Reputation: 163
If for instance I have a list
['My', 'Is', 'Name', 'Hello', 'William']
How can I manipulate it such that I can create a new list
[['My', 'Is'], ['Name'], ['Hello'], ['William']]
Upvotes: 2
Views: 662
Reputation: 22420
You could use itertools.groupby:
>>> from itertools import groupby
>>> l = ['My', 'Is', 'Name', 'Hello', 'William']
>>> [list(g) for k, g in groupby(l, key=len)]
[['My', 'Is'], ['Name'], ['Hello'], ['William']]
If however the list is not already sorted by length you will need to sort it first as @recnac mentions in the comments below:
>>> l2 = ['My', 'Name', 'Hello', 'Is', 'William']

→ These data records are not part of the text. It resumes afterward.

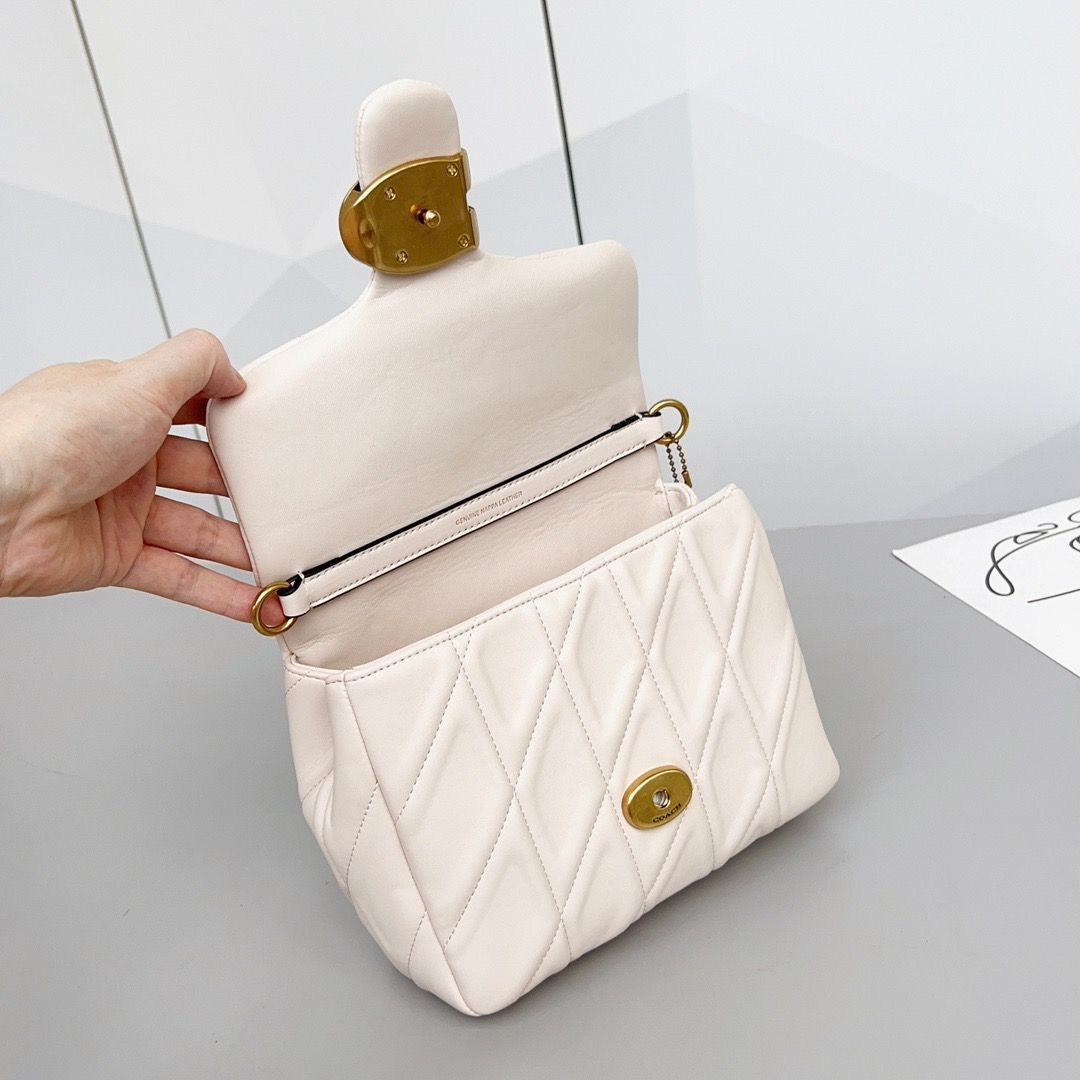 新品未使用】COACHスクエアタビー 20ショルダーバッグホワイトCW629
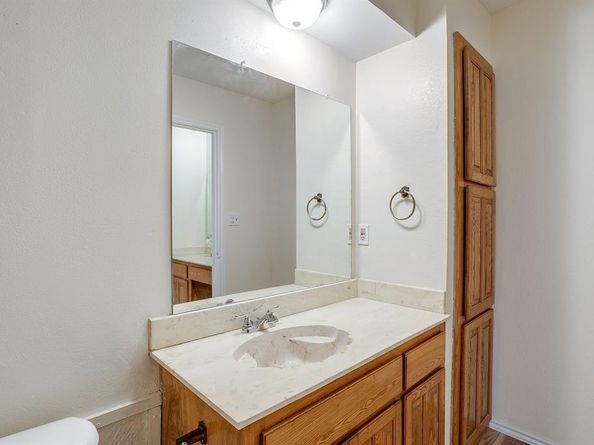 2862  Southpark Lane , Fort Worth Texas 76133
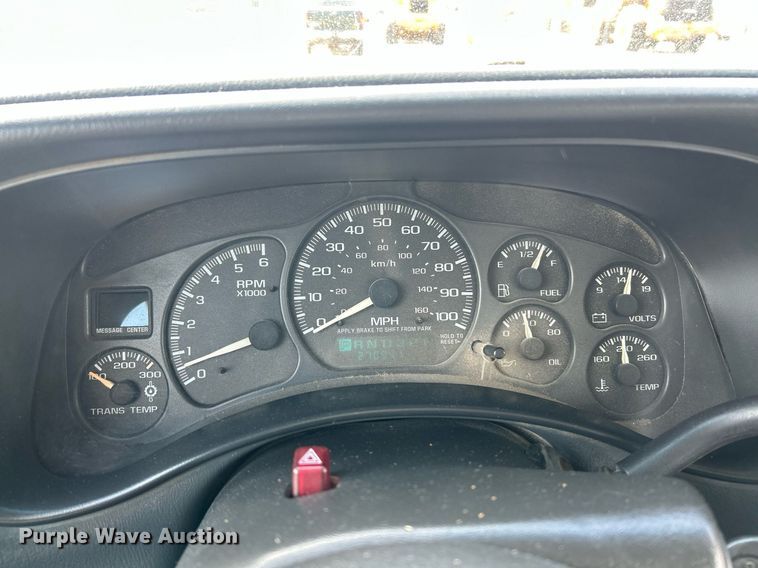 image for item EK2641 2002 GMC Sierra 2500HD Ext. Cab pickup truck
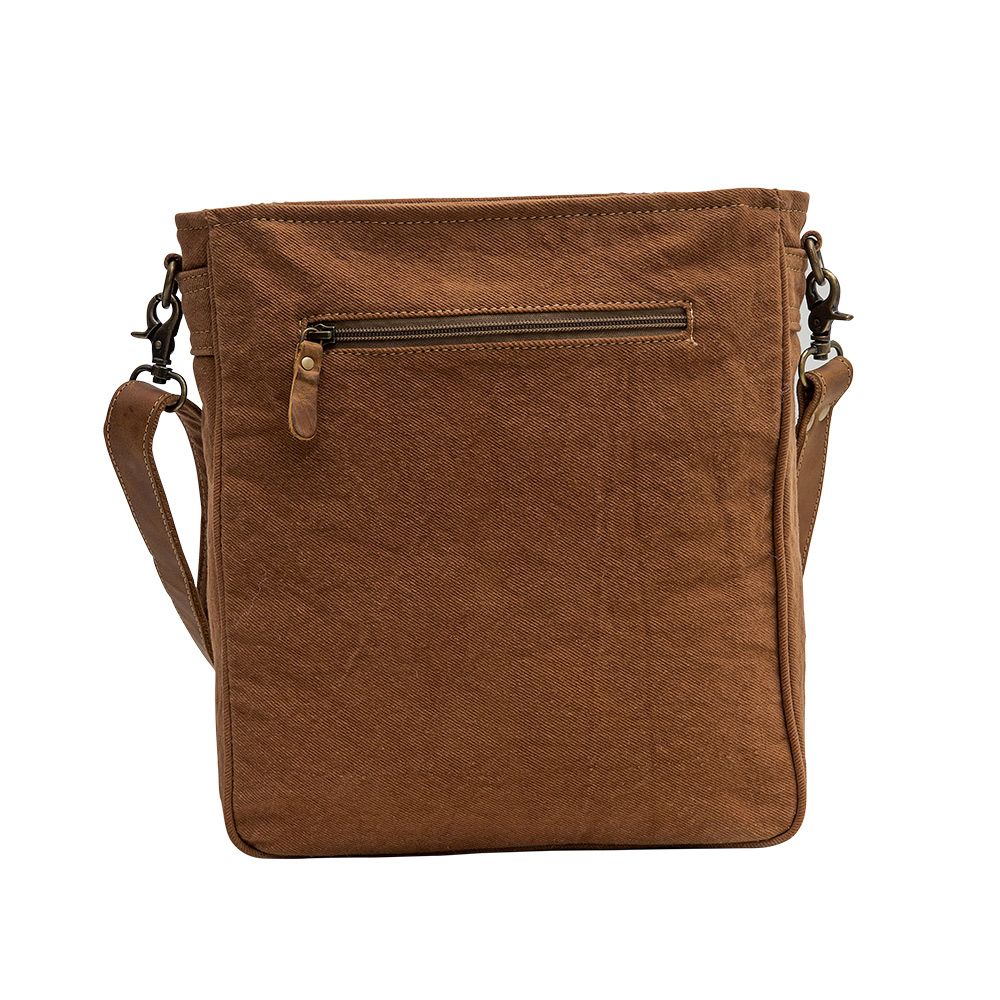 Myra Clodsire Shoulder Bag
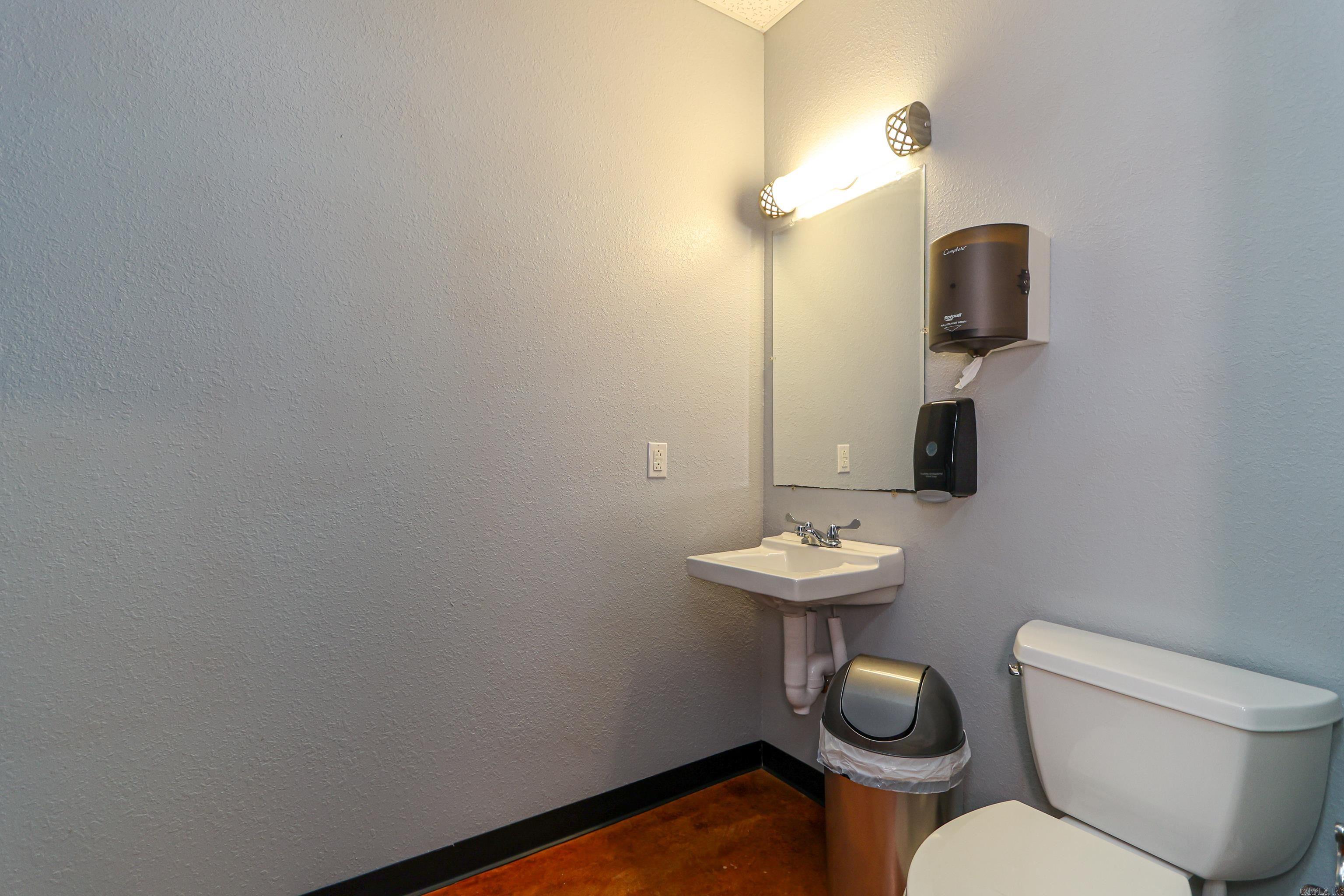 nil - Commercial Sale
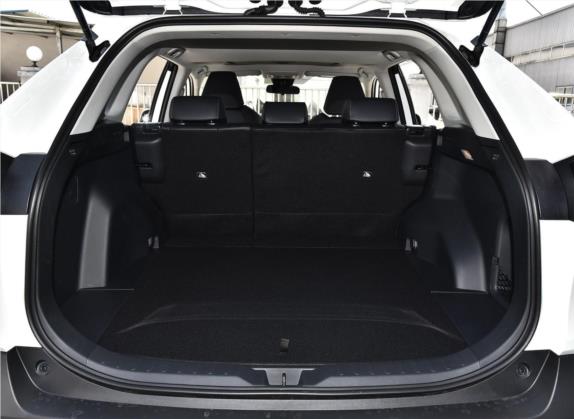 RAV4荣放 2020款 2.0L CVT四驱风尚PLUS版 车厢座椅   后备厢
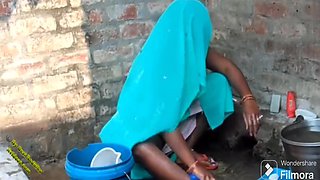 Indian Outdoor Bath Video Porn In Hindi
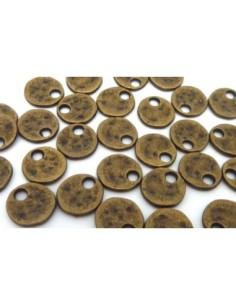 breloque pastille en métal de couleur bronze martelé 12mm 2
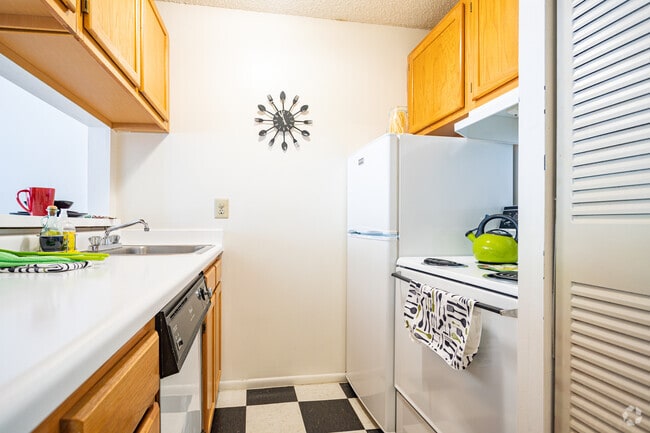 1 habitación, 1 baño - Kings Point Apartments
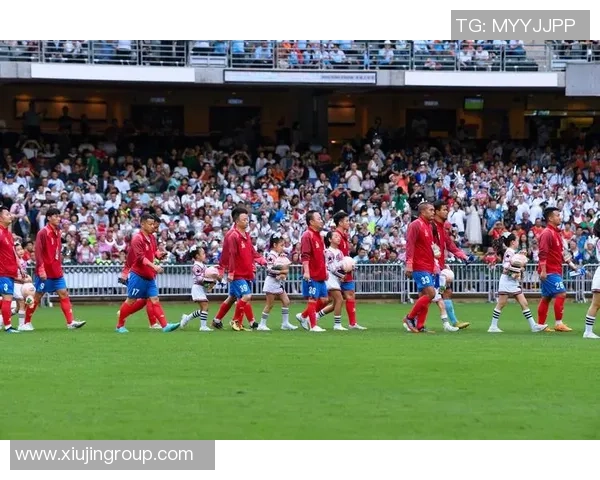 足球明星之间的深厚友情与默契合作探秘 足球明星之间的深厚友情与默契合作探秘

>>> [list(g) for k, g in groupby(sorted(l2, key=len), key=len)]
[['My', 'Is'], ['Name'], ['Hello'], ['William']]
Upvotes: 7
Reputation: 163
Hi guys I have also found a solution, while it is not the most concise I thought it would be worth sharing
data = ['My', 'Is', 'Name', 'Hello', 'William']
dict0 = {}
for index in data:
if len(index) not in dict0:
dict0[len(index)] = [index]
elif len(index) in dict0:
dict0[len(index)] += [index]
list0 = []
for i in dict0:
list0.append(dict0[i])
print(list0)
Upvotes: 2
Reputation: 106881
You can build a dict that maps word lengths to a list of matching words, and then get the list of the dict's values:
l = ['My', 'Is', 'Name', 'Hello', 'William']
d = {}
for w in l:
d.setdefault(len(w), []).append(w)
print(list(d.values()))
This outputs:
[['My', 'Is'], ['Name'], ['Hello'], ['William']]
Upvotes: 2
Reputation: 3744
you can use dict
to record the string group by length, defaultdict
is used for convenient here.
from collections import defaultdict
str_list = ['My', 'Is', 'Name', 'Hello', 'William']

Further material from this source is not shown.